* TASK TO CARRY OUT:
Nothing but the lines from the one with "Bold typography design" through the end of the records may appear in the answer, each reproduced exactly, pictures omitted.

* MATERIALS PROVIDED:
☆ ☆ ☆ ☆
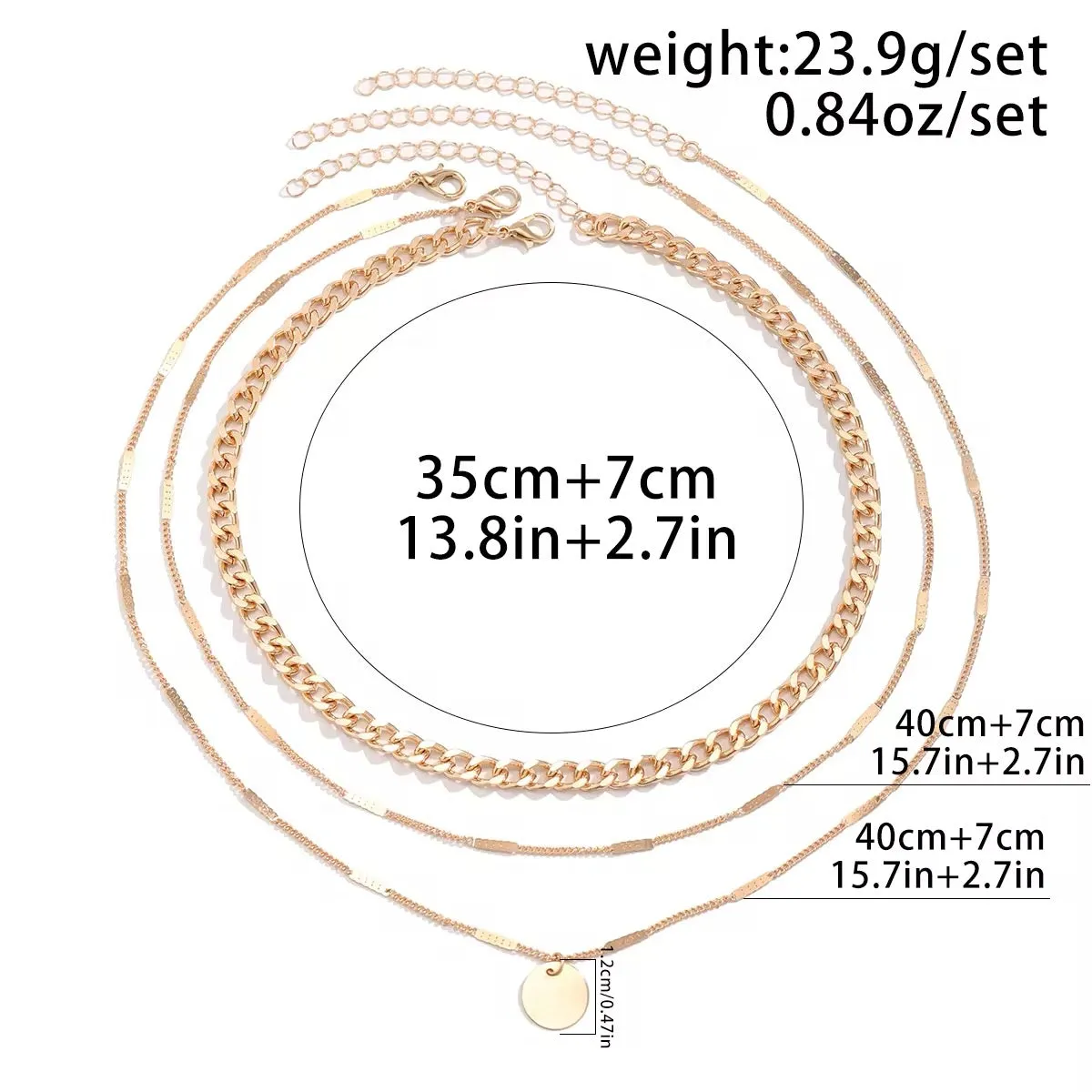 Minimalist Bohemian Metal Circle Pendant Necklace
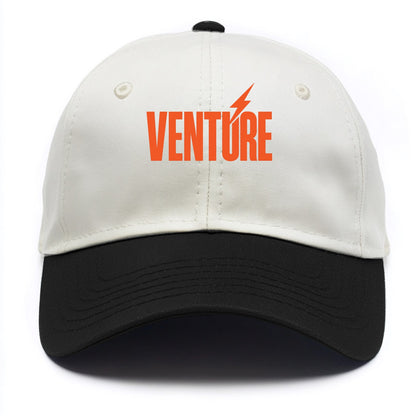 Bold typography design - "VENTURE" - taking risks, bold exploration - Two Tone Cap - Black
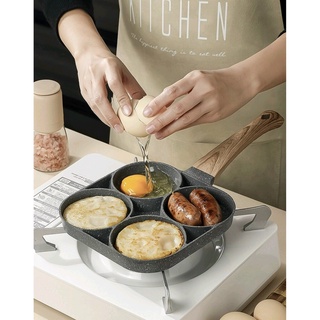 Chảo Chiên Rán Trứng Làm Bánh 4 Ngăn 4 LỗChảo được làm bằng hợp kim nhôm chất lượng cao, không dín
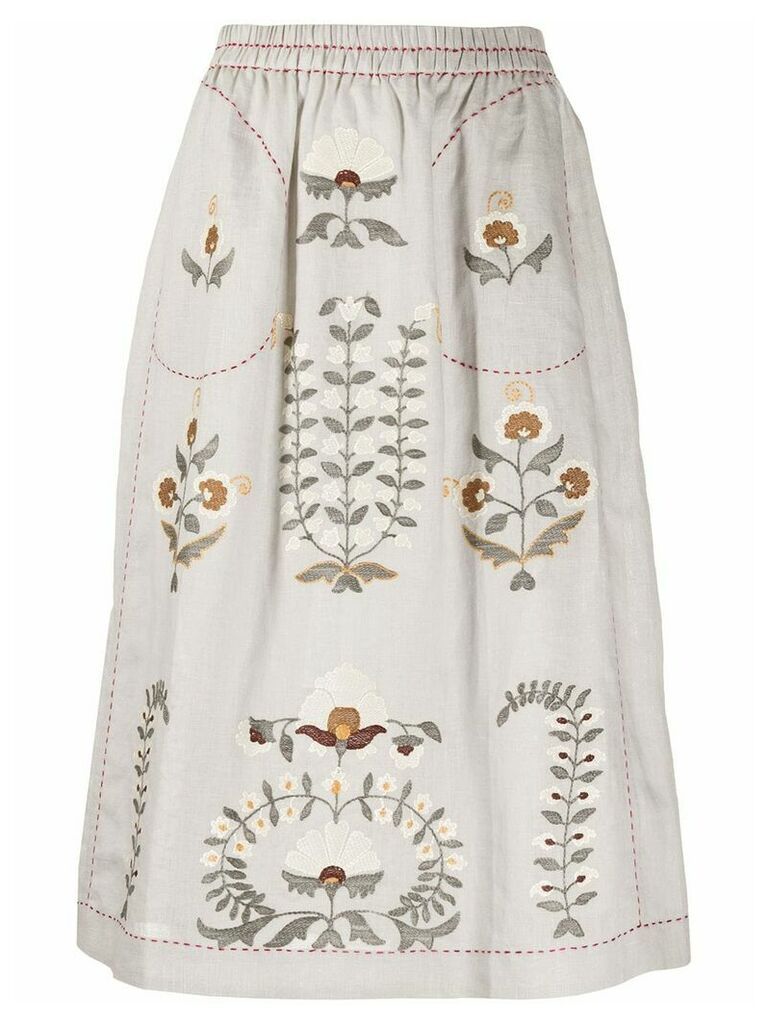 Vita Kin Siam embroidered skirt - Grey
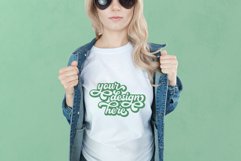 White t-shirt woman model mockup on green background Product Image 1
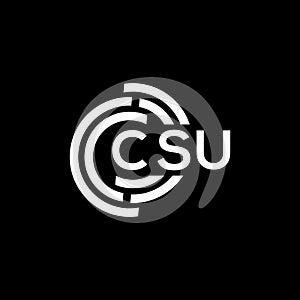 CSU letter logo design on black background. CSU creative initials letter logo concept. CSU letter design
☆ ☆ ☆ ☆
* EXERCISE SOLUTION:
 Bold typography design - "VENTURE" - taking risks, bold exploration - Two Tone Cap - Black
 Chảo Chiên Rán Trứng Làm Bánh 4 Ngăn 4 LỗChảo được làm bằng hợp kim nhôm chất lượng cao, không dín
 Vita Kin Siam embroidered skirt - Grey
 White t-shirt woman model mockup on green background Product Image 1
 CSU letter logo design on black background. CSU creative initials letter logo concept. CSU letter design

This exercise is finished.